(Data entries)

##########

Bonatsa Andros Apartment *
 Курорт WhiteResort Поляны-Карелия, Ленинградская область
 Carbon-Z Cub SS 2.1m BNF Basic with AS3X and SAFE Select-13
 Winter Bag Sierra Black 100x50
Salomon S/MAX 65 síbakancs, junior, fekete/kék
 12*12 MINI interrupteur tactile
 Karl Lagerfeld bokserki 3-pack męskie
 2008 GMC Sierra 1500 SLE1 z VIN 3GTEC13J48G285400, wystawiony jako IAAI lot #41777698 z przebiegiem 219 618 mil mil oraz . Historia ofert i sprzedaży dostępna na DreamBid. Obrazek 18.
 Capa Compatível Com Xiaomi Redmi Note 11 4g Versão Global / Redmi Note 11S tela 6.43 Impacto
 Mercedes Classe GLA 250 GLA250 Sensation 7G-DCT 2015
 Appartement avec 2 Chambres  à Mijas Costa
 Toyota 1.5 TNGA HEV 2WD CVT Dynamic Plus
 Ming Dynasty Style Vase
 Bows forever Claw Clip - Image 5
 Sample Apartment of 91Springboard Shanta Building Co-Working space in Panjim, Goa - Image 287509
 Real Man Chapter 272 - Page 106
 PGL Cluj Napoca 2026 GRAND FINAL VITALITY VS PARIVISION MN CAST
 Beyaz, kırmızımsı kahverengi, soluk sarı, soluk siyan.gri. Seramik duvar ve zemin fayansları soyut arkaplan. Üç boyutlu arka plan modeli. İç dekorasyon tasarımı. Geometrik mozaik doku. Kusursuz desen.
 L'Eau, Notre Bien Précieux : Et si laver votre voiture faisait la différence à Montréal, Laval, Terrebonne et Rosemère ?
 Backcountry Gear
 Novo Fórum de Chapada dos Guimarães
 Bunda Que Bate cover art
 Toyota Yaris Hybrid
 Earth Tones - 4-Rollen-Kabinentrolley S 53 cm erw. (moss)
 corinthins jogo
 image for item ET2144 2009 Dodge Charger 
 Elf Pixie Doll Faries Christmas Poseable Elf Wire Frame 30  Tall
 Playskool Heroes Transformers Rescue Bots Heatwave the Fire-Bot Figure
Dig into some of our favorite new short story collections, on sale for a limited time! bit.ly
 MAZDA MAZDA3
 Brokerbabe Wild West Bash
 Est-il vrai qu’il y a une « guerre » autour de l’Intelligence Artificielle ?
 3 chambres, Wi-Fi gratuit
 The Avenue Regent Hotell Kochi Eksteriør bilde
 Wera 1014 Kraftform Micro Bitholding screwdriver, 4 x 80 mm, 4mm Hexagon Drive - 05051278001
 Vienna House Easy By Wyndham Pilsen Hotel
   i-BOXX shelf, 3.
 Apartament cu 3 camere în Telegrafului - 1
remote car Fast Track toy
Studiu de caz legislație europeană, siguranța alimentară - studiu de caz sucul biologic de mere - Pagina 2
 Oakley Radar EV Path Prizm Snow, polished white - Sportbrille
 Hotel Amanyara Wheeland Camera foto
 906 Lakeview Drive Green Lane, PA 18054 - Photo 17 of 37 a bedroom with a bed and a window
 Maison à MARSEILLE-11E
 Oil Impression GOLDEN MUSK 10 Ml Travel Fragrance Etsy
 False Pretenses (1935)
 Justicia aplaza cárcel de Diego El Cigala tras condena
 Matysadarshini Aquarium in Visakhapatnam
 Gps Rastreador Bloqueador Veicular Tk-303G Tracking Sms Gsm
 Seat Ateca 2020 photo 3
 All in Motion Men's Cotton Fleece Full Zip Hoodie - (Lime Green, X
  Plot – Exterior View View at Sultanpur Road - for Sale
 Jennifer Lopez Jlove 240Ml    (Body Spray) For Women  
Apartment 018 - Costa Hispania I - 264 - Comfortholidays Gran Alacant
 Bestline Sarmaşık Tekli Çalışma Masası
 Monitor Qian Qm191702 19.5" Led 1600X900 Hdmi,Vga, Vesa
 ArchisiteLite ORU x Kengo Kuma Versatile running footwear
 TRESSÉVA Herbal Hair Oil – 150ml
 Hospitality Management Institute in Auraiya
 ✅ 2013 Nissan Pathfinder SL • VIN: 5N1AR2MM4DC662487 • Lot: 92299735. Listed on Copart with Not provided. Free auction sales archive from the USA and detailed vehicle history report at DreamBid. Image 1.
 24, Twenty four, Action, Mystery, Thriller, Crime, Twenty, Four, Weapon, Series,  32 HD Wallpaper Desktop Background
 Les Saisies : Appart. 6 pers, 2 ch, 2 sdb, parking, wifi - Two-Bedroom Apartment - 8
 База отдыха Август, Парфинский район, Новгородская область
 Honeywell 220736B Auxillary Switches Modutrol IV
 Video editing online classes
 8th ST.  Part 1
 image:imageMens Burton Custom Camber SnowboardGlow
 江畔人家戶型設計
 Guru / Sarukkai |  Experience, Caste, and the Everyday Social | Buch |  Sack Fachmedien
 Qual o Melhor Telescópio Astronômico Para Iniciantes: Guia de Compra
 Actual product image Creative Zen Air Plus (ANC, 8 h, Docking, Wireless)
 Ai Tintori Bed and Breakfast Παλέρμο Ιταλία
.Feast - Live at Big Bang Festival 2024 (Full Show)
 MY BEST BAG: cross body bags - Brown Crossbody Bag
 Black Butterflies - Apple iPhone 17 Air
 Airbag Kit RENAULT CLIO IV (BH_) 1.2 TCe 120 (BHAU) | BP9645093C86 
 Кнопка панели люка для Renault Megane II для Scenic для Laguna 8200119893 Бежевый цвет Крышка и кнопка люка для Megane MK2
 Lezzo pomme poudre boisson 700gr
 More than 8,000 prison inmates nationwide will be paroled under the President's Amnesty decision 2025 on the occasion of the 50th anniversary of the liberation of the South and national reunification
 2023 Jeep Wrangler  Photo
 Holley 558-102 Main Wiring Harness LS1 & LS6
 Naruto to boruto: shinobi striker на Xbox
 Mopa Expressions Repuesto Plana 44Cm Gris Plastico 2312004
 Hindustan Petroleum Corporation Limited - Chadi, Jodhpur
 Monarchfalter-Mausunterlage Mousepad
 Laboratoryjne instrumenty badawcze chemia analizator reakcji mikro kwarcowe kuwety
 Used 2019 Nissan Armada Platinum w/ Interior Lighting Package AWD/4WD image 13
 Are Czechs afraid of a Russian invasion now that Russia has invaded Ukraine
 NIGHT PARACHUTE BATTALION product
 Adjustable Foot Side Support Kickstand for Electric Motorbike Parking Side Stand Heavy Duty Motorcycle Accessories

##########

--- TASK OBJECTIVE ---
Scan the entries above for the line containing "Playskool Heroes Transformers", and copy it and all lines after it exactly, down to and including the line containing "Vienna House Easy By Wyndham Pilsen Hotel".

--- WRITTEN RESPONSE ---
 Playskool Heroes Transformers Rescue Bots Heatwave the Fire-Bot Figure
Dig into some of our favorite new short story collections, on sale for a limited time! bit.ly
 MAZDA MAZDA3
 Brokerbabe Wild West Bash
 Est-il vrai qu’il y a une « guerre » autour de l’Intelligence Artificielle ?
 3 chambres, Wi-Fi gratuit
 The Avenue Regent Hotell Kochi Eksteriør bilde
 Wera 1014 Kraftform Micro Bitholding screwdriver, 4 x 80 mm, 4mm Hexagon Drive - 05051278001
 Vienna House Easy By Wyndham Pilsen Hotel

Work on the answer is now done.